My friends call me Holly, or Holly Humble, or any variation of the 2. I've lived in Texas and South Carolina. I love good music, good conversation and above all, my good (understatement of the century) glorious Jesus! I'm honestly really new to this writing thing and I know nothing about blogs...so fasten your seat belts and come with me as I journey through life and the "blogging" experience.

Monday, May 04, 2009

...a renewal of vows to the Lover of my Soul

So yesterday...during church...I stood up because I prayed to Christ to save me. It's hard to explain but before I did the I was ridden with doubt of whether or not I knew Christ and if I'd prayed that prayer of surrender before.

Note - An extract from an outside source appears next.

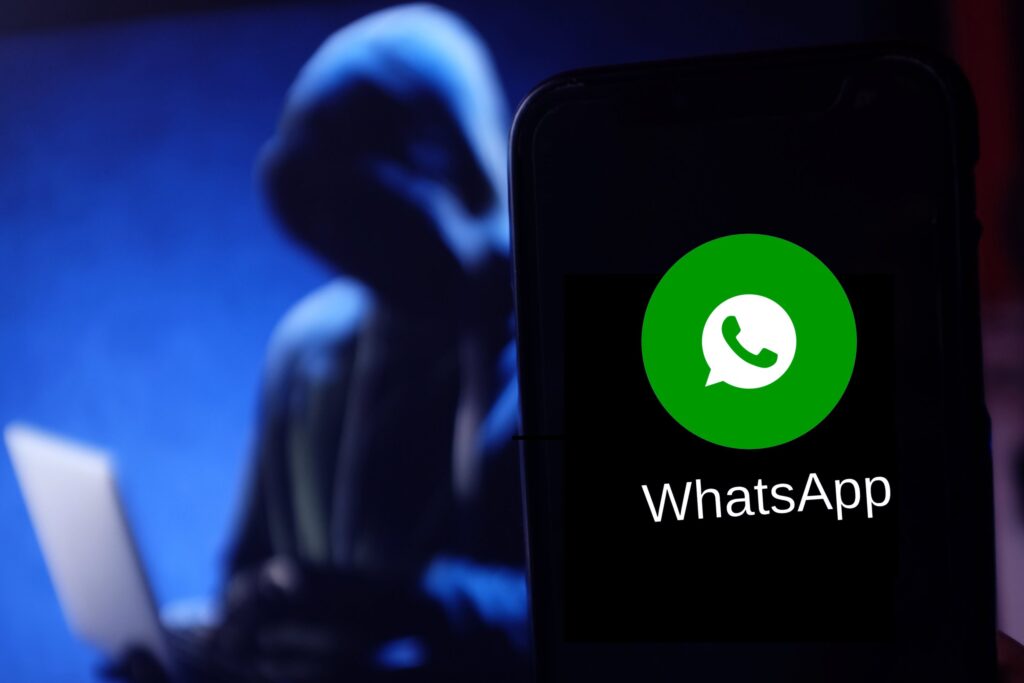 Hackers Could Have Full Access (!) to Everything on the Phones of WhatsApp Users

The truth is that I vaguely remember being a young kid, possibly about 7 or 8 and being in my parents bedroom and just believing in Christ because my Dad told me about Him. It wasn't until high school when I moved to South Carolina that I really saw what it was to live for Him. I moved to a town that was in the Bible belt and not so fast paced, I come from Houston, so it wasn't hard to slow down.

I lived life and Christ was very real to me. I experienced His truth and His leanings. I walked with Him.

Then last week I went to church and a haunting image was brought up. Judas...he hung out in Christ's presence for 3 years...and still betrayed Him. Also the week before my mom stood up in church and prayed a prayer of sacrifice and repentance. I've looked up to her so much in my life and to see her display humility and stand, really rocked me to my core.

The week went by and I read things about how Christ can be the love of your life. When I thought of my life I thought of how it was chaotic and how I was chasing people and habits to make me whole. It didn't match up with scripture. I was confused.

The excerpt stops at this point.